Bien que le développement choral soit généralement affaire de temps, il est des occasions où une vie peut être changée en un clin d’œil ; et il n’y aura pas de retour en arrière pour ces participants.

Je me rendis de nouveau dans les îles du détroit de Torres en février dernier. Dans une petite école de l’île de Thursday où je présentais un atelier choral, il y avait un jeune garçon timide de neuf ans. Il fut d’emblée clair que Richard (ce n’est pas son véritable prénom) aimait chanter. Sa voix ressortait forte et claire parmi celles de beaucoup d’autres. Sentant que l’atelier se déroulait bien, je demandai à Richard de chanter un passage seul pour toute la classe. Je sentis un mouvement de recul, et pourtant Richard chanta, confiant et fier. Les maîtres m’apprirent plus tard que Richard avait peine à parler à qui que ce soit, y compris les membres de sa grande famille, ne lisait jamais à voix haute en classe ni ne répondait à aucune question.

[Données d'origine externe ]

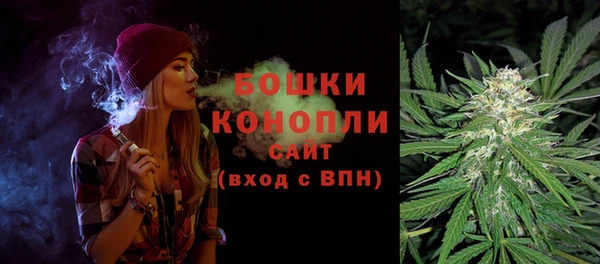 ГАЛЛЮЦИНОГЕННЫЕ ГРИБЫ Аркадак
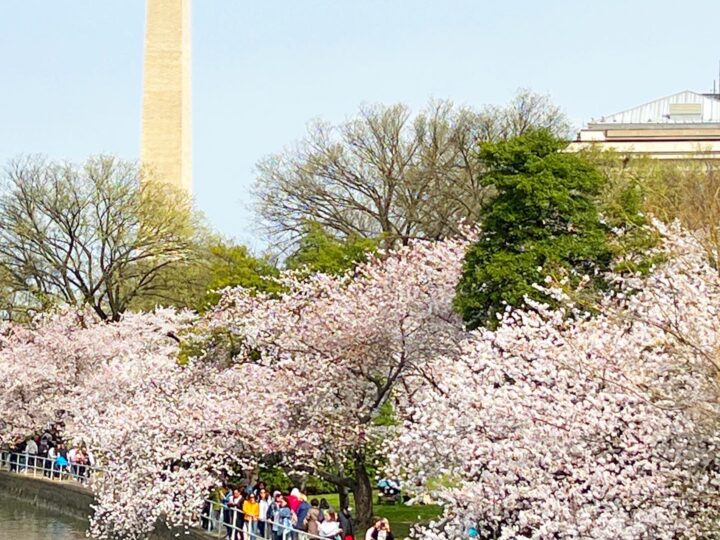 washington Monument with pink cherry blossom trees in front along the Tidal Basin in Washington DC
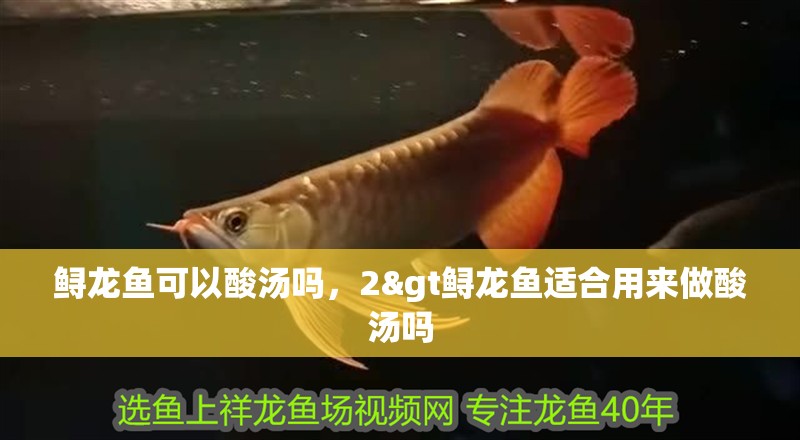 鱘龍魚可以酸湯嗎，2&gt鱘龍魚適合用來做酸湯嗎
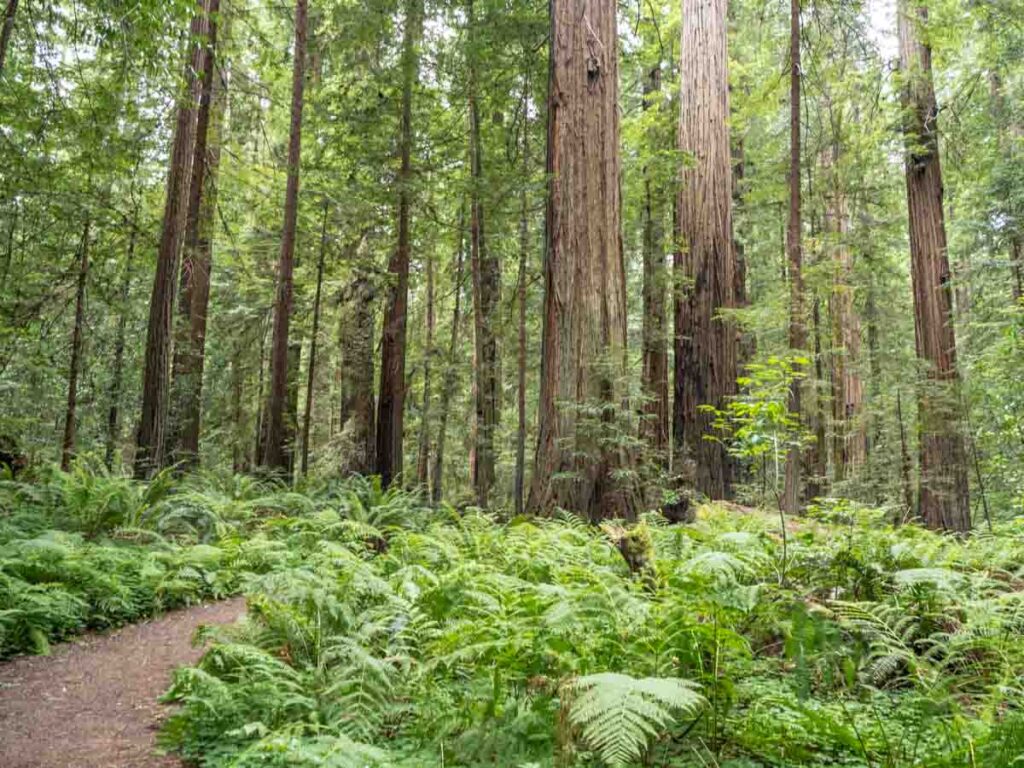 Path way in the Avenue of the Giants Redwood grove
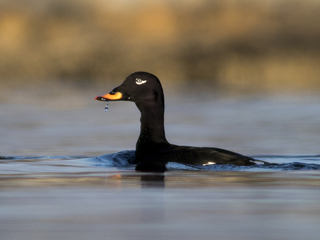 Sjøorre (Melanitta fusca) Sjøorre (Melanitta fusca)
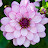 @marz6823 Avatar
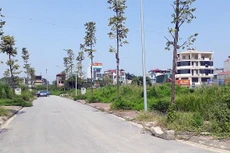 Ảnh chỉ mang tính minh họa. Nguồn Internet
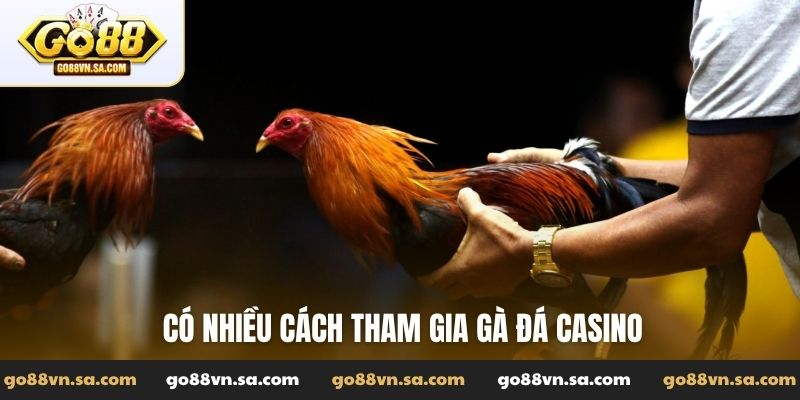 Có nhiều cách tham gia gà đá casino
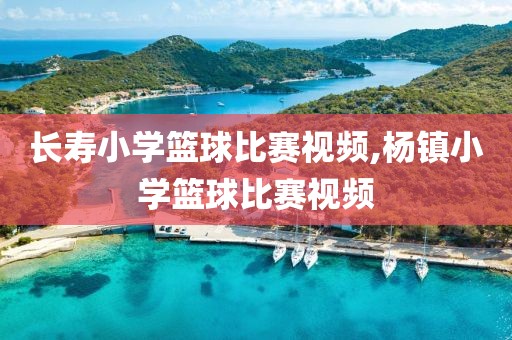 长寿小学篮球比赛视频,杨镇小学篮球比赛视频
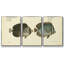 Bloch Antique Fish V - Toile encadrée multi-pièces-1357377764-1357377763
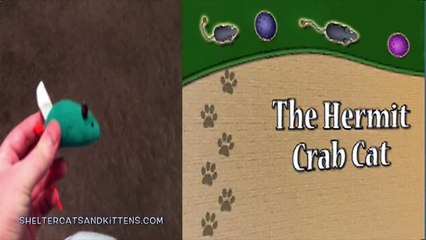 The Hermit Crab Cat Video: A Cute and Funny Kitten Under the Laundry Basket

La vie de Richard bascula ce jour-là quand il découvrit qu’il avait une voix et pouvait chanter comme un ange.

A présent membre du chœur du GNICC, Richard a participé à un camp musical régional du détroit du Torres. Plus récemment, il s’est rendu à Sydney pour la toute première fois afin de chanter dans un chœur plus important dans le cadre des programmes de télévision australienne d’Oprah Winfrey sur les marches de l’Opéra. Bien qu’il soit toujours, à l’évidence, un petit garçon timide, Richard parle avec enthousiasme de son amour du chant et de ses expériences positives avec le chœur. Devant lui s’ouvre un monde de possibilités infinies. Même si l’effet d’un programme choral soit rarement aussi rapide et significatif, le GNICC a déjà un effet profond sur la vie de beaucoup de jeunes indigènes australiens.

Le GNICC est à présent une branche importante de l’ensemble des chœurs du Gondwana. Ses membres sont de jeunes Australiens passionnés qui émeuvent profondément les spectateurs où qu’ils chantent. Mais de nombreux défis attendent encore le GNICC. L’Australie est un pays vaste et les enfants des contrées retirées souffrent réellement des effets de pareilles distances, physiquement, mentalement et en matière d’instruction. Au premier rang de ces défis on trouve la capacité des chœurs de Gondwana à fournir une formation suivie aux choristes des contrées éloignées, de sorte qu’ils puissent continuer à parfaire leur savoir-faire en chant, en lecture et en écriture—leur permettant à terme de se réaliser complètement.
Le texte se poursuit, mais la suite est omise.